An “aggressive” financially motivated threat group tapped into a
zero-day flaw in SonicWall VPN appliances prior to it being patched
by the company to deploy a new strain of ransomware called
FIVEHANDS.
The group, tracked by cybersecurity firm Mandiant as UNC2447,
took advantage of an “improper SQL command neutralization” flaw in
the SSL-VPN SMA100 product (CVE-2021-20016[1], CVSS score 9[2].8) that allows an
unauthenticated attacker to achieve remote code execution.
“UNC2447 monetizes intrusions by extorting their victims first
with FIVEHANDS ransomware followed by aggressively applying
pressure through threats of media attention and offering victim
data for sale on hacker forums,” Mandiant researchers said[3]. “UNC2447 has been
observed targeting organizations in Europe and North America and
has consistently displayed advanced capabilities to evade detection
and minimize post-intrusion forensics.”
CVE-2021-20016 is the same zero-day[4]
that the San Jose-based firm said was exploited by “sophisticated
threat actors” to stage a “coordinated attack on its internal
systems” earlier this year. On January 22, The Hacker News
exclusively revealed[5]
that SonicWall had been breached by exploiting “probable zero-day
vulnerabilities” in its SMA 100 series remote access devices.
Successful exploitation of the flaw would grant an attacker the
ability to access login credentials as well as session information
that could then be used to log into a vulnerable unpatched SMA 100
series appliance.
According to the FireEye-owned subsidiary, the intrusions are
said to have occurred in January and February 2021, with the threat
actor using malware called SombRAT[6]
to deploy the FIVEHANDS ransomware. It’s worth noting that SombRAT
was discovered in November 2020 by BlackBerry researchers in
conjunction with a campaign called CostaRicto undertaken by a
mercenary hacker group.
UNC2447 attacks involving ransomware infections were first
observed in the wild in October 2020, initially compromising
targets with HelloKitty[7]
ransomware, before swapping it for FIVEHANDS in January 2021.
Incidentally, both the ransomware strains, written in C++, are
rewrites of another ransomware called DeathRansom[8].
“Based on technical and temporal observations of HelloKitty and
FIVEHANDS deployments, HelloKitty may have been used by an overall
affiliate program from May 2020 through December 2020, and
FIVEHANDS since approximately January 2021,” the researchers
said.
FIVEHANDS also differs from DeathRansom and HelloKitty in the
use of a memory-only dropper and additional features that allow it
to accept command-line arguments and utilize Windows Restart
Manager to close a file currently in use prior to encryption.

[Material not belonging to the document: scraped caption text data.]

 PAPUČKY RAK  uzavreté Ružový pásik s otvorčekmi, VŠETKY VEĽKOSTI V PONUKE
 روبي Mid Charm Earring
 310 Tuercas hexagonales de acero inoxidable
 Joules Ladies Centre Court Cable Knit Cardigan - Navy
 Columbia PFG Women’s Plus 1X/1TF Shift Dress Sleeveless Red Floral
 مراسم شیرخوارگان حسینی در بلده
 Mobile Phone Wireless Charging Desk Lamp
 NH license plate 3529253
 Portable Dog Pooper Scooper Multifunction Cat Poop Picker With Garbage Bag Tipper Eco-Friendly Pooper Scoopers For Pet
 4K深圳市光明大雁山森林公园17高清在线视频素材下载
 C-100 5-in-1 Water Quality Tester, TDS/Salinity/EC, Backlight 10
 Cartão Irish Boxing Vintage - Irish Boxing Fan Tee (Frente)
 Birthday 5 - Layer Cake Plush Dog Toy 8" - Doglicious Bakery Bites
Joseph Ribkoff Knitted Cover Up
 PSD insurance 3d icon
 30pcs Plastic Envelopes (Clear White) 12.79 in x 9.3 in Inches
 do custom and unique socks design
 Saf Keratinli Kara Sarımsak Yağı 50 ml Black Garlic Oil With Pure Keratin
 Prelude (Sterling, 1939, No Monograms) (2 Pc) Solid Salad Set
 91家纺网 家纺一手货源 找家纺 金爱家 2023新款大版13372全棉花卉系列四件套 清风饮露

The disclosure comes less than two weeks after FireEye divulged
three previously unknown
vulnerabilities[9]
in SonicWall’s email security software that were actively exploited
to deploy a web shell for backdoor access to the victim. FireEye is
tracking this malicious activity under the moniker UNC2682.
References
- ^
CVE-2021-20016
(psirt.global.sonicwall.com) - ^
CVSS score 9
(scorecounter.com) - ^
said
(www.fireeye.com) - ^
zero-day
(www.sonicwall.com) - ^
revealed
(thehackernews.com) - ^
SombRAT
(thehackernews.com) - ^
HelloKitty
(blog.malwarebytes.com) - ^
DeathRansom
(www.fortinet.com) - ^
three
previously unknown vulnerabilities
(thehackernews.com)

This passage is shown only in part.